**Short text fragments from websites:**
※ ※ ※

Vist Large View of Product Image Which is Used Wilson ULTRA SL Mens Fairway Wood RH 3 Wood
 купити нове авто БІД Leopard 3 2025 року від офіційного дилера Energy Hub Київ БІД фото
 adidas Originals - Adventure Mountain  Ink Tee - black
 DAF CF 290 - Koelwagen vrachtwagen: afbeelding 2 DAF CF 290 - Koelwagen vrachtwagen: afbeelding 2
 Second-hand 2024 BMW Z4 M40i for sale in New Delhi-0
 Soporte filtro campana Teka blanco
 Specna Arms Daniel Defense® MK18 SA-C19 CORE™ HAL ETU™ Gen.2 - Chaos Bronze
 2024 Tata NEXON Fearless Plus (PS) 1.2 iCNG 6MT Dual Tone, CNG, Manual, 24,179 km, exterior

※ ※ ※

**WHAT THIS TASK INVOLVES:** Could you retype all of the records above exactly as they appear?

**REPLY TO THE TASK:**
Vist Large View of Product Image Which is Used Wilson ULTRA SL Mens Fairway Wood RH 3 Wood
 купити нове авто БІД Leopard 3 2025 року від офіційного дилера Energy Hub Київ БІД фото
 adidas Originals - Adventure Mountain  Ink Tee - black
 DAF CF 290 - Koelwagen vrachtwagen: afbeelding 2 DAF CF 290 - Koelwagen vrachtwagen: afbeelding 2
 Second-hand 2024 BMW Z4 M40i for sale in New Delhi-0
 Soporte filtro campana Teka blanco
 Specna Arms Daniel Defense® MK18 SA-C19 CORE™ HAL ETU™ Gen.2 - Chaos Bronze
 2024 Tata NEXON Fearless Plus (PS) 1.2 iCNG 6MT Dual Tone, CNG, Manual, 24,179 km, exterior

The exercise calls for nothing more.